Seyhan ve arkadaşları, çalıştıkları kanalda yayınlanmak üzere Rahmi Koç ile bir program çekimi yapacaktır. Boğazda buluşacakları yere giderler, hazırlıklar başlar, Rahmi Koç çekim yerine özel teknesiyle gelir, tüm ekip -ki kalabalık bir ekiptik diyor- onu karşılamak için sıraya girer. Rahmi Koç herkesle tanışır, tokalaşır, sıra Seyhan’a geldiğinde durur ve “Bu sıkmabaş da nereden geldi, burada ne işi var” diye sorar!

Ortaya bırakılan bu bölücü, ayrıştırıcı ve ayıplı soruya Seyhan, çok tuttuğum bir cevap verir: Beni Tanrı gönderdi!

Çekim biter, ayrılacakları zaman Seyhan’ı yanına çağıran Rahmi Koç, kendisinin de inançlı biri olduğunu, umreye gittiğini falan anlatır.

***

Başörtülüler için, başörtülü bir arkadaşı, yakını olanlar için bu olay çok sıradan gelebilir. Bu tür şeyler başörtülü kadınların başına eskiden daha sık gelirdi ama işte hala gelebiliyor. Hala dememin sebebi, o ilk tanışıklığın, şaşkınlığın, refleksi kabalığın kısmen mazur görülebileceği yılların çok gerilerde kalması, başörtülülerin kamusal alanda, medyada yer almaya başlamasının üzerinden neredeyse 20 yılın geçmiş olması.

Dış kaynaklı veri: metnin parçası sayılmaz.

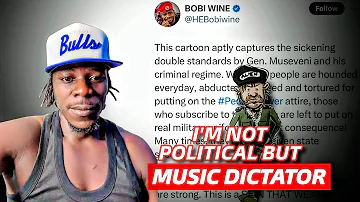 Alien skin BACKFIRES To Bobi Wine ( Why he cartooned him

İşin aslı, merkez medyada henüz muhafazakâr bir tecrübe falan yaşanmış değil. Türkiye’nin en açık fikirli ve cesur televizyoncusu denilen kişi bile “başörtülü muhabir çalıştırmam” diyebiliyorsa, sahip olduğu markaların reklamlarıyla medyaya hayat veren bir işadamı başörtülü bir kadın yönetmene yüzüne karşı hakaret edebiliyorsa, yaşadığı toplumun inançlarına kültürel-folklorik bilgi düzeyinde bile ilgi duymayacak denli cahil ekran yüzleri başörtülülere “neden içki içmiyorsunuz” diye sorabiliyorsa, ‘muhafazakar medya’da başı açık-kapalı ayrımı yapılmazken merkez medyada ilaç niyetine tek bir başörtülü kadın bile çalışamıyorsa orada normalleşme olduğu söylenemez. Türkiye’de merkez medya bildiğimiz gibi yani: Toplumu değiştirmekte çok radikal ve cesur, kendini değiştirmekte pek muhafazakâr ve ürkek.